### TASK DETAILS
Below are records that hold pictures; write out only the lines from their start through the line with "Thanks for watching", exactly, and drop the pictures.

### DATASET EXCERPTS
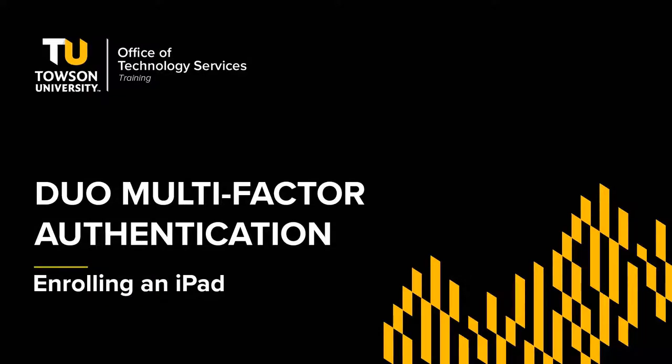Duo is a multi-factor authentication tool chosen by Towson University to prevent data breaches. It requires you to log in normally and then authenticate using a second method such as a smartphone or landline. Regardless of the method you use, you're not automatically enrolled in Duo. This video will step you through enrolling an iPad for use with Duo.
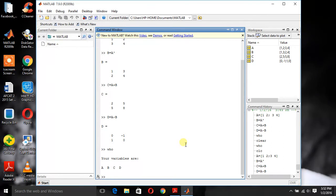Now the second command is clear command. Clear command is used to clear all the variables which you have used.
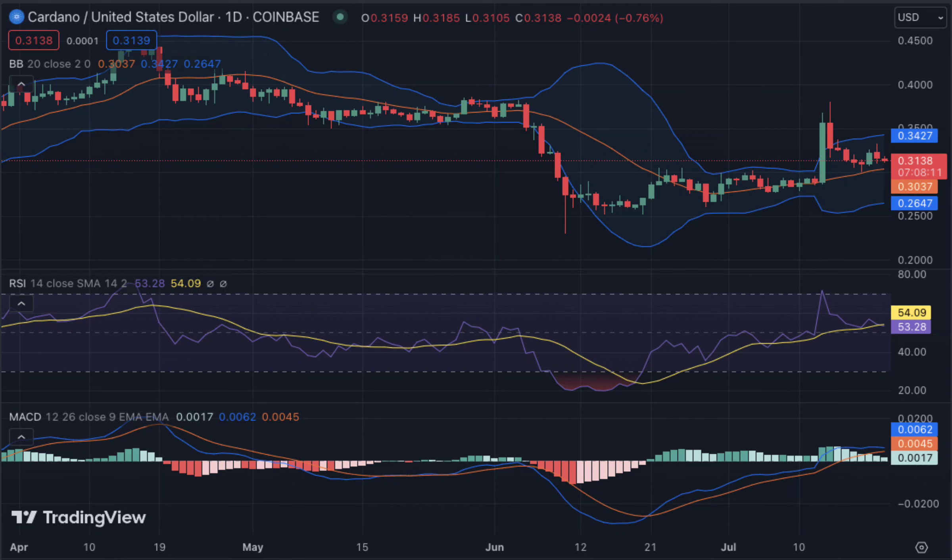The current cardano price analysis shows a strong bullish trend in ADA. The buyers are dominating the market and have pushed ADA above the 0.300 level. The trading volume is also increasing significantly, indicating that buying pressure is high. However, further accumulation of buying pressure will be necessary for ADA to break through its resistance at 0.3316.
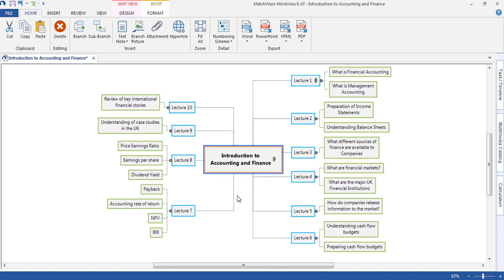MindView allows students to organize their lecture notes, research and revision all in one place, allowing them to keep work organized throughout the term.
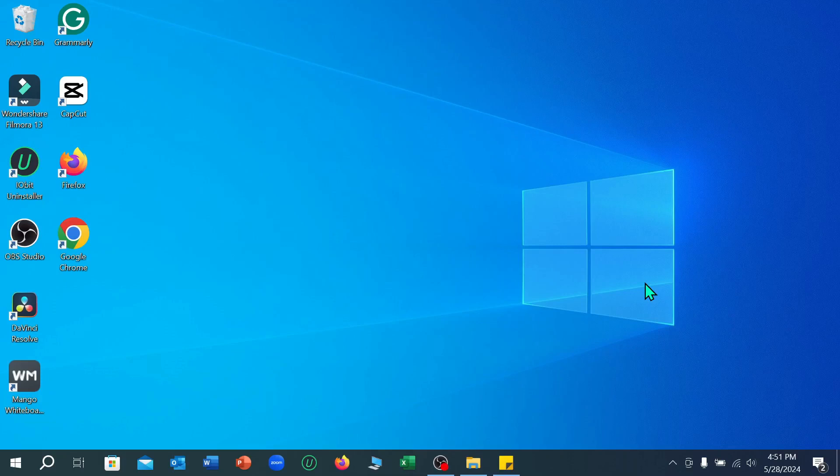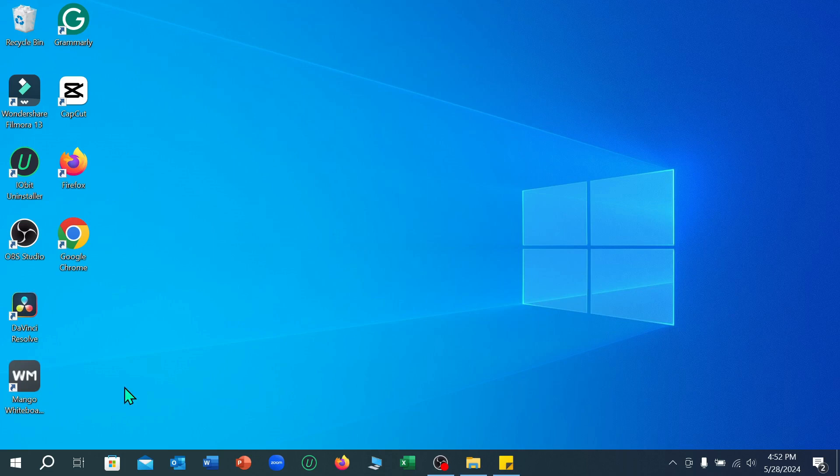Hello everyone, welcome back to my channel. Today in this video I'm going to show you how to take a screenshot in SR laptop. So let's begin our video. First of all, you just need to open your search bar.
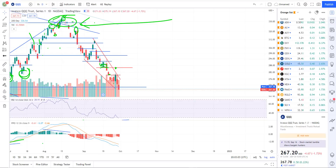Welcome back everyone. I'm going to get the stock market technical analysis video out. The market just closed. I've been pretty busy all day, so I haven't been able to get this out. But we're going to go through some things.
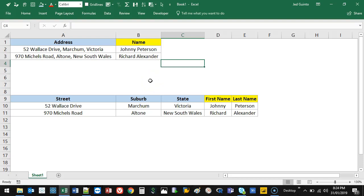Hello, welcome to another Tableau video. I'm going to show you something called splitting. And splitting is the same as delimiting in Excel. And if you still don't know what it means, then I'll just show you.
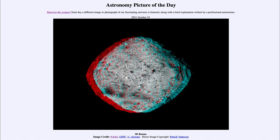So that was our picture of the day for October 23rd of 2021, titled 3D Bennu. We'll be back again tomorrow for the next picture, previewed to be a cross-quarter day, so we'll see what that is about tomorrow. Until then, have a great day everyone, and I will see you in class.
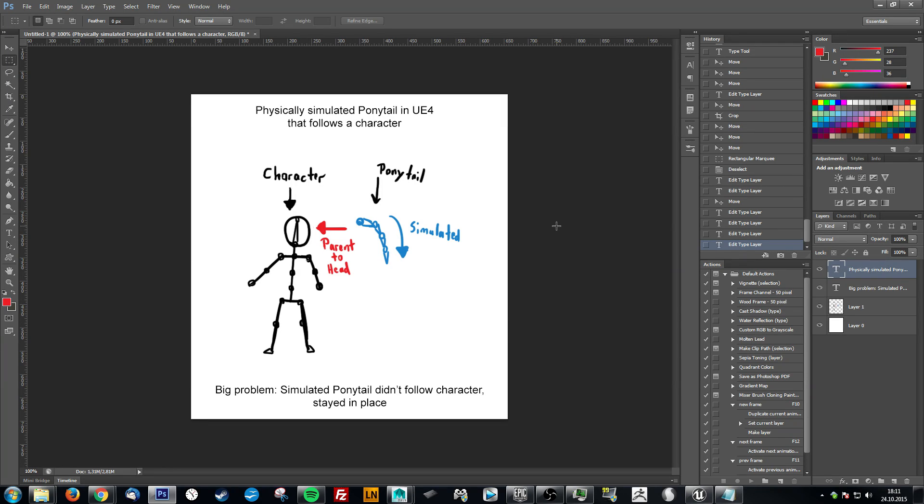Hey everybody, this will be a quick tutorial in Unreal Engine 4 on how to create a physically simulated ponytail that follows a character, in this case a character's head.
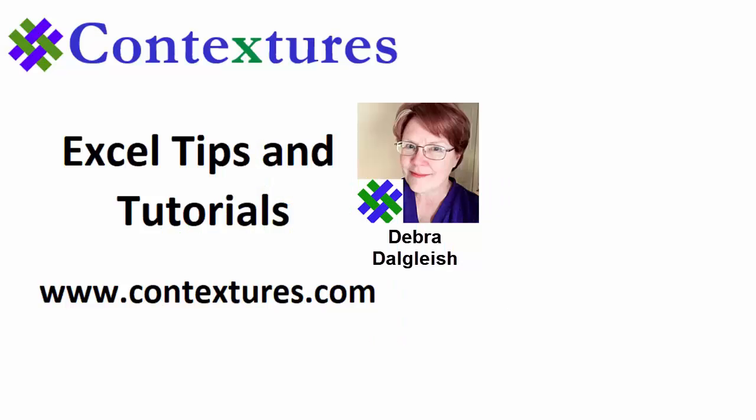Thanks for watching this video. You can go to my website, Contextures.com, to get this workbook. And please subscribe to my Contextures YouTube channel so you can see the latest videos as I post them.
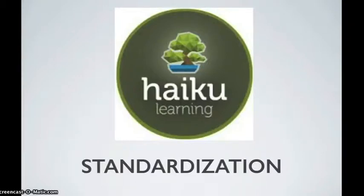Every one of you have a Haiku page to use for your classroom. Today we're going to be talking about Haiku standardization.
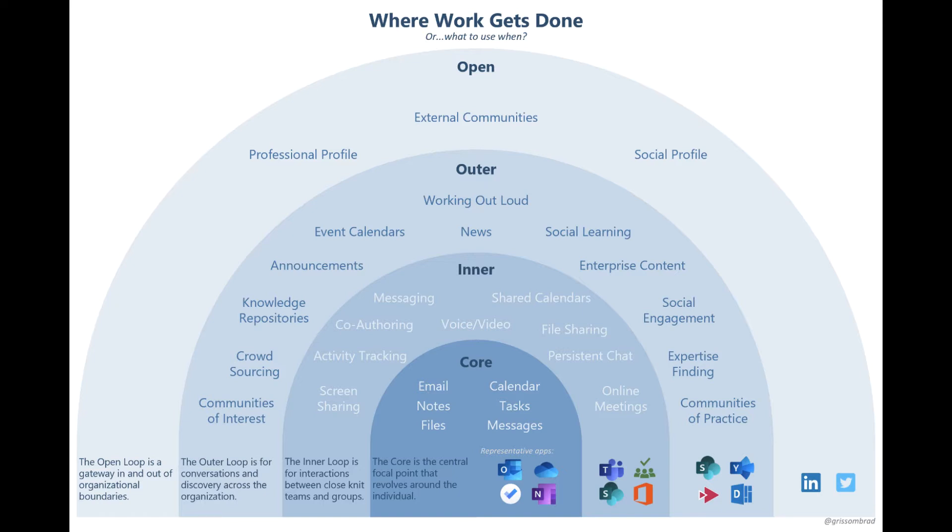When you move to the outer loop, or the people that you work around, you don't necessarily know these people. That's when you get into the more discussion-based platforms. That's where Cerner Connect discussions lived—in that discussion-based, almost like a forum type of atmosphere. This is where Yammer fits, in that outer loop where I don't necessarily know these people but we share a common interest. We're coming together to discuss a topic.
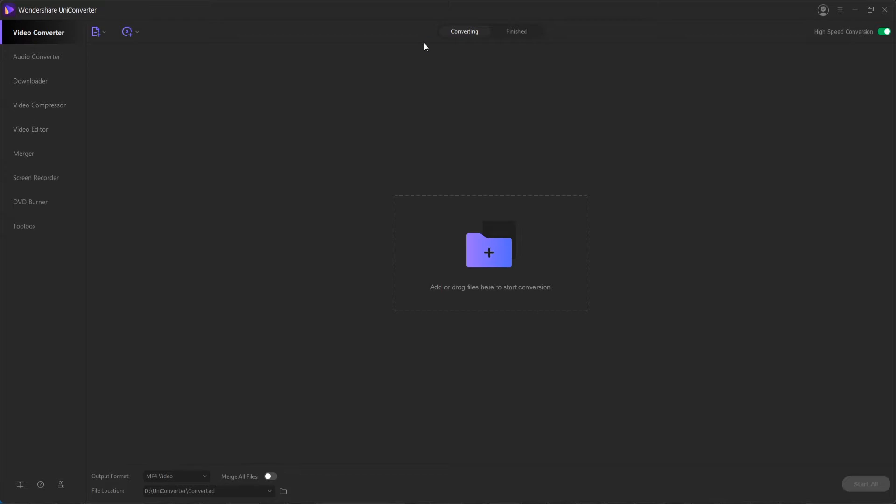And then after that you can preview the first 20 seconds of the compressed file to see if it's the way you want it to be before you confirm your final changes.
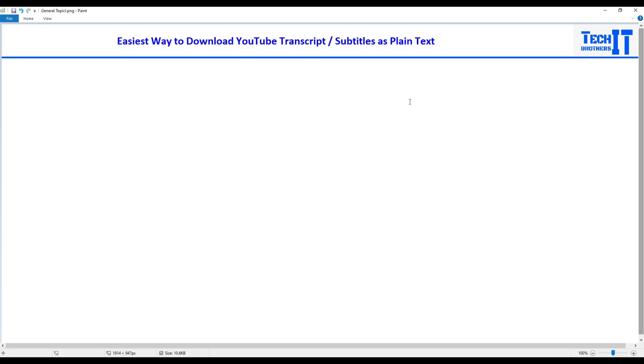Welcome to Tech Brothers with Amir. In this video, we are going to learn the easiest way to download YouTube transcript or subtitle as plain text.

### TASK RESULT
Duo is a multi-factor authentication tool chosen by Towson University to prevent data breaches. It requires you to log in normally and then authenticate using a second method such as a smartphone or landline. Regardless of the method you use, you're not automatically enrolled in Duo. This video will step you through enrolling an iPad for use with Duo.
Now the second command is clear command. Clear command is used to clear all the variables which you have used.
The current cardano price analysis shows a strong bullish trend in ADA. The buyers are dominating the market and have pushed ADA above the 0.300 level. The trading volume is also increasing significantly, indicating that buying pressure is high. However, further accumulation of buying pressure will be necessary for ADA to break through its resistance at 0.3316.
MindView allows students to organize their lecture notes, research and revision all in one place, allowing them to keep work organized throughout the term.
Hello everyone, welcome back to my channel. Today in this video I'm going to show you how to take a screenshot in SR laptop. So let's begin our video. First of all, you just need to open your search bar.
Welcome back everyone. I'm going to get the stock market technical analysis video out. The market just closed. I've been pretty busy all day, so I haven't been able to get this out. But we're going to go through some things.
Hello, welcome to another Tableau video. I'm going to show you something called splitting. And splitting is the same as delimiting in Excel. And if you still don't know what it means, then I'll just show you.
So that was our picture of the day for October 23rd of 2021, titled 3D Bennu. We'll be back again tomorrow for the next picture, previewed to be a cross-quarter day, so we'll see what that is about tomorrow. Until then, have a great day everyone, and I will see you in class.
Hey everybody, this will be a quick tutorial in Unreal Engine 4 on how to create a physically simulated ponytail that follows a character, in this case a character's head.
Thanks for watching this video. You can go to my website, Contextures.com, to get this workbook. And please subscribe to my Contextures YouTube channel so you can see the latest videos as I post them.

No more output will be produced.